Buck Owens: The Country Cad Who Couldn't Quite Escape Hee Haw
Buck Owens (left) and the classic lineup of the Buckaroos: Don Rich, Willie Cantu, Tom Brumley and Doyle Holly
Buck 'Em! The Autobiography of Buck Owens
By Buck Owens with Randy Poe
Backbeat Books, 360 pp., $29.99
Music legend says that bluesman Robert Johnson made his deal with the Devil at the Crossroads. If that's the case, then country legend Buck Owens must have booked his date with Ol' Scratch in the cornfield.
As Owens (1929-2006) mentions numerous times in this autobiography -- drawn largely verbatim from nearly 100 hours of recently-discovered taped reminisces -- his 17 seasons as co-host of the cornpone country comedy/music show Hee Haw fattened his wallet and made him a household name.
But it also damaged his reputation and album sales among country fans who had sent him to the top of the charts almost 20 times in the '60s before the cameras rolled. He would have a total of 21 No. 1 hits, the last being Dwight Yoakam duet "Streets of Bakersfield" in the '80s.
"I just couldn't turn down that Hee Haw paycheck," he admits early in the story. Then, later, "I kept whoring myself out to that cartoon donkey."
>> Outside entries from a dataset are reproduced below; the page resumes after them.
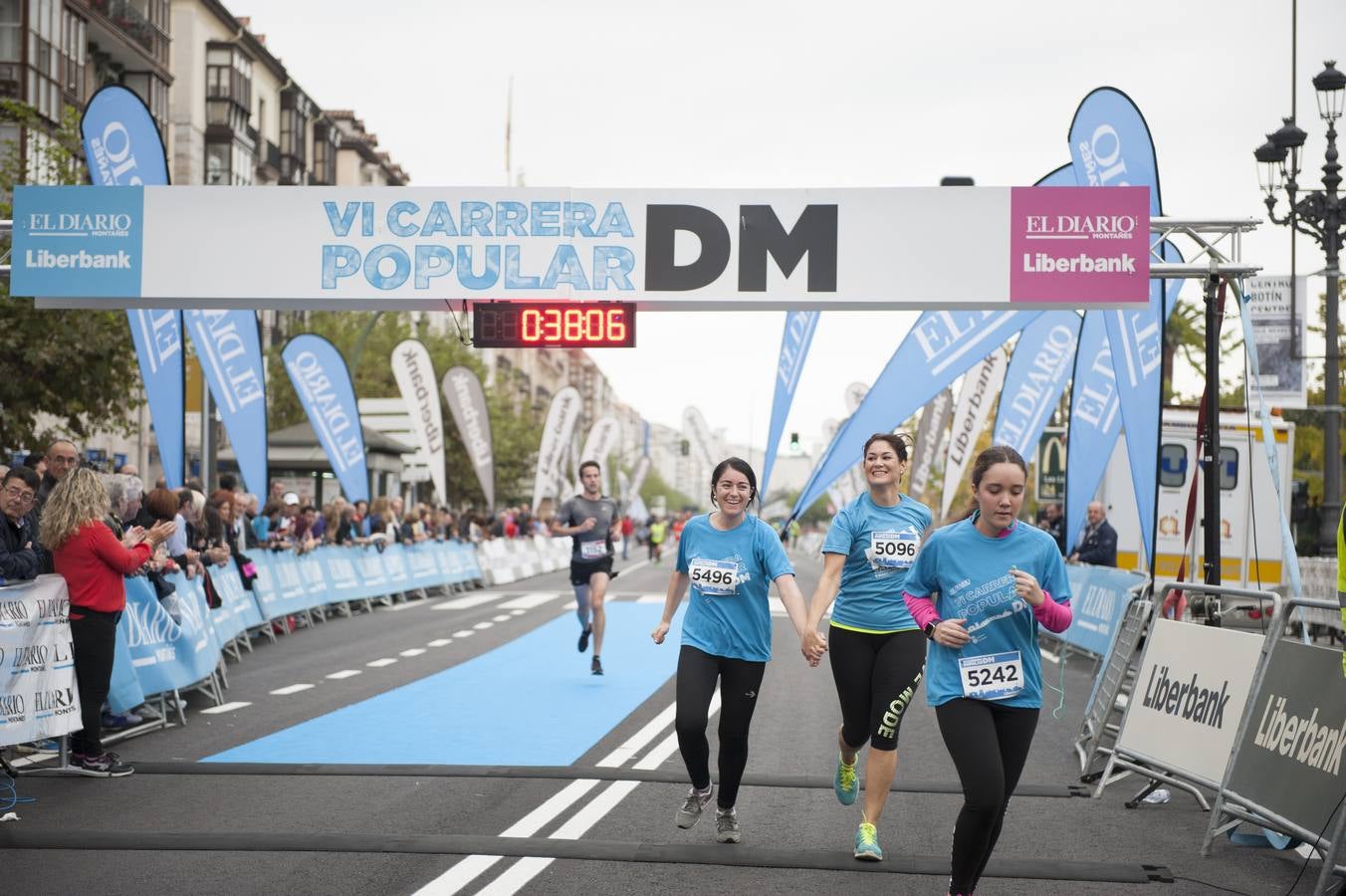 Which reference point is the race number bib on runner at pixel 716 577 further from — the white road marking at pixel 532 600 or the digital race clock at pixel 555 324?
the white road marking at pixel 532 600

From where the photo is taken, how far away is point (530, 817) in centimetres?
752

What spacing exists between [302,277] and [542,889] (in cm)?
757

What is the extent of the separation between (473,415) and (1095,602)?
67.1 feet

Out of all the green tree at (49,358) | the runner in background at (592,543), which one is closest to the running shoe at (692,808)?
the runner in background at (592,543)

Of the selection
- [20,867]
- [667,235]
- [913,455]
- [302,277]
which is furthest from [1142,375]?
[913,455]

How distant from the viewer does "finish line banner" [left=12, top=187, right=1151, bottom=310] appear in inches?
475

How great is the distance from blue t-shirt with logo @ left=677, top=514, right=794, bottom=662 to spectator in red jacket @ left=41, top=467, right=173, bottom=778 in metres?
3.76

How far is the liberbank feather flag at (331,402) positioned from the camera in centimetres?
2397

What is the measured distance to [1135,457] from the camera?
14172 mm

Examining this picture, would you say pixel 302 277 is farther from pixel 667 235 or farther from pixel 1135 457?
pixel 1135 457

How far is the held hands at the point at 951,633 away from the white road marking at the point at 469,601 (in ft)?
66.3

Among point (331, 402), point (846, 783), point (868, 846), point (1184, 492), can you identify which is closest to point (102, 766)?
point (846, 783)

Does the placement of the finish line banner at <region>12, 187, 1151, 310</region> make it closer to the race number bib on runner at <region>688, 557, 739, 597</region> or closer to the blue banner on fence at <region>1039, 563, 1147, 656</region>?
the blue banner on fence at <region>1039, 563, 1147, 656</region>

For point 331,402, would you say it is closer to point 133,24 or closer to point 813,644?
point 813,644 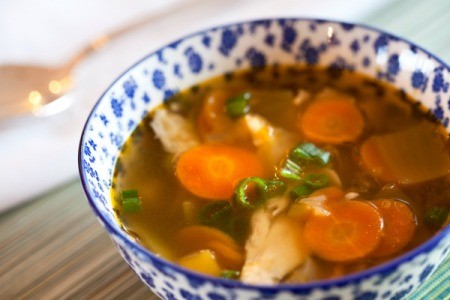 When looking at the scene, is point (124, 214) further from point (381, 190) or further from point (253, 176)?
point (381, 190)

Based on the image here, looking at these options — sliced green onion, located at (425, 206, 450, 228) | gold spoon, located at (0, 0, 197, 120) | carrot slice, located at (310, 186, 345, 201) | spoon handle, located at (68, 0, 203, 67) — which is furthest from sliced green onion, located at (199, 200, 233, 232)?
spoon handle, located at (68, 0, 203, 67)

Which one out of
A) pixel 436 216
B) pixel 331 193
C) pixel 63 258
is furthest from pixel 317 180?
pixel 63 258

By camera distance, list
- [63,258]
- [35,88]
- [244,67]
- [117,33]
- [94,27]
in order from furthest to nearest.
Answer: [94,27] → [117,33] → [35,88] → [244,67] → [63,258]

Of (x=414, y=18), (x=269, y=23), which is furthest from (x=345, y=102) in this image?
(x=414, y=18)

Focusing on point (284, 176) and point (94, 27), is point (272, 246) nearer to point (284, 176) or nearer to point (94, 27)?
point (284, 176)

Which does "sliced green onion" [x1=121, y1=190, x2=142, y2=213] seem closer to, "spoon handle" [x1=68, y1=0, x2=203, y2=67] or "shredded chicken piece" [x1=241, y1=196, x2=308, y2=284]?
"shredded chicken piece" [x1=241, y1=196, x2=308, y2=284]

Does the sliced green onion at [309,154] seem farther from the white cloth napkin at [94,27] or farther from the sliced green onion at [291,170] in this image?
the white cloth napkin at [94,27]
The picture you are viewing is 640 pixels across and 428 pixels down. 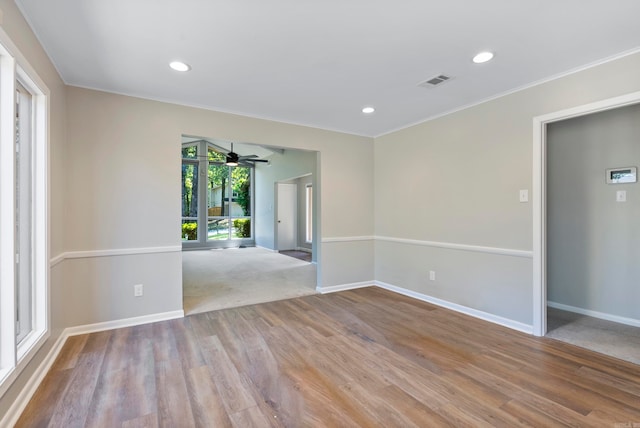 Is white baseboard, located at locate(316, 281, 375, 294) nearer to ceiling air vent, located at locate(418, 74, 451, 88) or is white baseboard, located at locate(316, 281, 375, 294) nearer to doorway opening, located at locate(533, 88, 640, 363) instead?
doorway opening, located at locate(533, 88, 640, 363)

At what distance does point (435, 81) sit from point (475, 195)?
136 centimetres

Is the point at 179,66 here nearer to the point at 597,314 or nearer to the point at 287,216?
the point at 597,314

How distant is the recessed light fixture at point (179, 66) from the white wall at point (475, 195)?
2.90 metres

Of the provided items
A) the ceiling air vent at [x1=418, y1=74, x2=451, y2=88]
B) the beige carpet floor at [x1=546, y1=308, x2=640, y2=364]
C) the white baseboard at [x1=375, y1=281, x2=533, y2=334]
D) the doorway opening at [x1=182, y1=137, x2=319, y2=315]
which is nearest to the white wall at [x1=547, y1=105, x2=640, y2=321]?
the beige carpet floor at [x1=546, y1=308, x2=640, y2=364]

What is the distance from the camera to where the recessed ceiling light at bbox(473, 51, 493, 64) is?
2325 millimetres

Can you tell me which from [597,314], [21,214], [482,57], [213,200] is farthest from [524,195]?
[213,200]

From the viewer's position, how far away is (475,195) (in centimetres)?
337

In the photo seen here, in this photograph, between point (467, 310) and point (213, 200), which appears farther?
point (213, 200)

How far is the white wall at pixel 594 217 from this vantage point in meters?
3.03

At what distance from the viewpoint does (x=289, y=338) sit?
2779 millimetres

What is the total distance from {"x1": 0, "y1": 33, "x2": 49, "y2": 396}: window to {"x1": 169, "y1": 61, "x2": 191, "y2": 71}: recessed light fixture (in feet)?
2.97

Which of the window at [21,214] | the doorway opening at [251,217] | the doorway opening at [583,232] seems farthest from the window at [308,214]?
the window at [21,214]

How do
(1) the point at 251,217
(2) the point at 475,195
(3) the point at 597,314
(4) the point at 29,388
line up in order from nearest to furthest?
1. (4) the point at 29,388
2. (3) the point at 597,314
3. (2) the point at 475,195
4. (1) the point at 251,217

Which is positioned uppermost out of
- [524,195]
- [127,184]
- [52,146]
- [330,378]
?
[52,146] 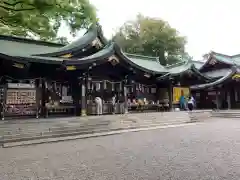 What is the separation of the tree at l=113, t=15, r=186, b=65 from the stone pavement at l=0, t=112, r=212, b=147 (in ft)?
91.7

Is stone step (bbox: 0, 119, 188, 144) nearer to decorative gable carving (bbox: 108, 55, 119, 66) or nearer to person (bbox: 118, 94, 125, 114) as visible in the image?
person (bbox: 118, 94, 125, 114)

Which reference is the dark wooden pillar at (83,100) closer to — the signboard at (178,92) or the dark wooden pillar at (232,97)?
the signboard at (178,92)

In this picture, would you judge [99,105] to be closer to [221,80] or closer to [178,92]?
[178,92]

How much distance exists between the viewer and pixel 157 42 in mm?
39344

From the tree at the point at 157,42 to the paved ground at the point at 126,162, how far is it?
3392 cm

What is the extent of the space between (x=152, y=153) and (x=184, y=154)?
0.87 metres

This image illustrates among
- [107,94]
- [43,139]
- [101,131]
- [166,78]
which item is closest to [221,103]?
[166,78]

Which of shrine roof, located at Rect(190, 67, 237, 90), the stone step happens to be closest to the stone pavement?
the stone step

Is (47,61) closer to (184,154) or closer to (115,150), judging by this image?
(115,150)

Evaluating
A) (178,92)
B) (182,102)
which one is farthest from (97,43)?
(182,102)

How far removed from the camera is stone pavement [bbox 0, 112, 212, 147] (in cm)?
834

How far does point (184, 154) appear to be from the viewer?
5.54 m

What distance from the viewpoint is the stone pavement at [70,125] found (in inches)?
328

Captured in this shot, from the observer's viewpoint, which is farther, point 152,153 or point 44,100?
point 44,100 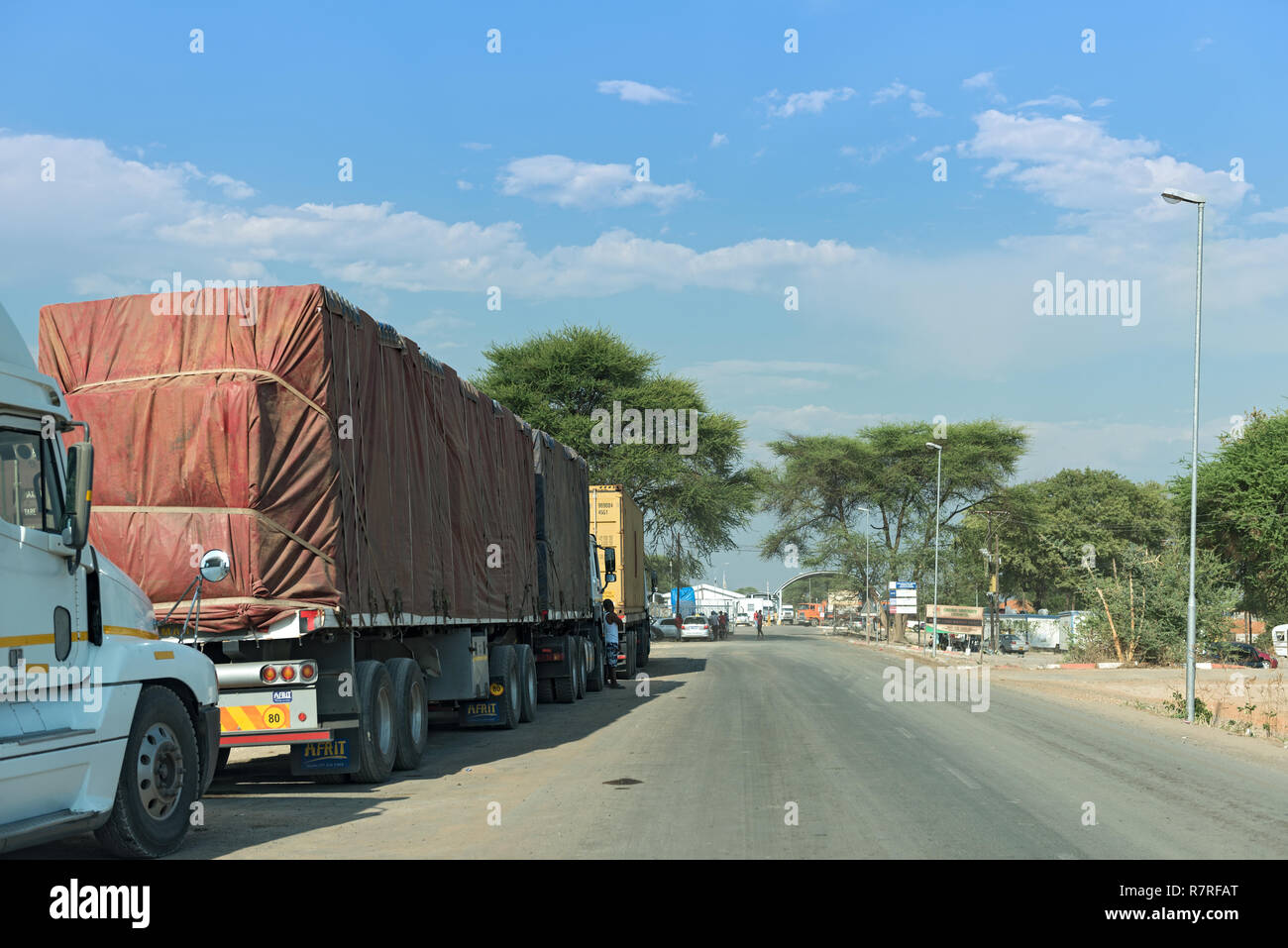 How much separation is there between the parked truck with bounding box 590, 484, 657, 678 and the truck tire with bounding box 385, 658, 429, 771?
601 inches

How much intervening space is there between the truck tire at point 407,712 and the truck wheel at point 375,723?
0.20 meters

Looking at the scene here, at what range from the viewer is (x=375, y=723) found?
1168cm

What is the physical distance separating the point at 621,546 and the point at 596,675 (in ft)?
16.8

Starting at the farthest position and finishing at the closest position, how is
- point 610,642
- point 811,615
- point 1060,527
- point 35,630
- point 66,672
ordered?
1. point 811,615
2. point 1060,527
3. point 610,642
4. point 66,672
5. point 35,630

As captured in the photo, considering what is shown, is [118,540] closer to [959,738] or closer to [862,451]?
[959,738]

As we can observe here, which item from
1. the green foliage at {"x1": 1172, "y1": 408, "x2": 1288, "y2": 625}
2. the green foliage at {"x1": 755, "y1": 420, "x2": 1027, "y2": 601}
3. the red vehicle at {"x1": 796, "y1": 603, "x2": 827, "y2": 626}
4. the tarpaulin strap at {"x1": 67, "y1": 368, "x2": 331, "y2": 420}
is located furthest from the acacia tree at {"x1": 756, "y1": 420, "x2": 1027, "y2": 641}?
the red vehicle at {"x1": 796, "y1": 603, "x2": 827, "y2": 626}

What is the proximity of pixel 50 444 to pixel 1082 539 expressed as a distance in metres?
73.6

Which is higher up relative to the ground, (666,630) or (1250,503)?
(1250,503)

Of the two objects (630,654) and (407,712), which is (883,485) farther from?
(407,712)

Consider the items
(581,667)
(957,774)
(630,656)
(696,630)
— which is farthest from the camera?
(696,630)

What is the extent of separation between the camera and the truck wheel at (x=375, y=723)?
11391 mm

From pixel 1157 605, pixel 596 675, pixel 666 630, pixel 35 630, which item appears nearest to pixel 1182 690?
pixel 1157 605

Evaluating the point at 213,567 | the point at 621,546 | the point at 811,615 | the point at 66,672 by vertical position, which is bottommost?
the point at 811,615

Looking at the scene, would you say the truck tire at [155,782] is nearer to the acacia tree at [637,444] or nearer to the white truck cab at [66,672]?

But in this book, put together by music executive and journalist Randy Poe (Skydog: The Duane Allman Story, Stalking the Red Headed Stranger), money was not the only weakness for the boy born Alvis Edgar Owens, Jr. in Sherman, Texas.
"90 percent of troubles in life are due to women -- trying to have too many at the same time," he offers sagely. And Owens should know. After all, this was a guy who left his second wife for a mistress almost half his age, then almost immediately started a relationship with his fiddle player and married her in Vegas on a whim before filing for annulment after a few days and then marrying the mistress. Got that?
And while there is perhaps a little too much talk about recording sessions, players, and chart positions -- Owens had an amazing memory for details -- Buck 'Em is an unvarnished look by Owens at his own life and the development of the "Bakersfield Sound." Unlike the saccharine-country pop music popular in the '60s, it relied on ringing twin Telecaster guitars, an uptempo drum beat, high vocals, unabashed steel guitar, and a recording mix up on the trebly scale.
In addition to his own hits (including "(I've Got a) Tiger by the Tail," "Together Again," "Love's Gonna Live Here," "My Heart Skips a Beat," and "Waitin' in Your Welfare Line"), Owen's songwriting was introduced to massive new audiences when The Beatles covered "Act Naturally" and Ray Charles did "Cryin' Time."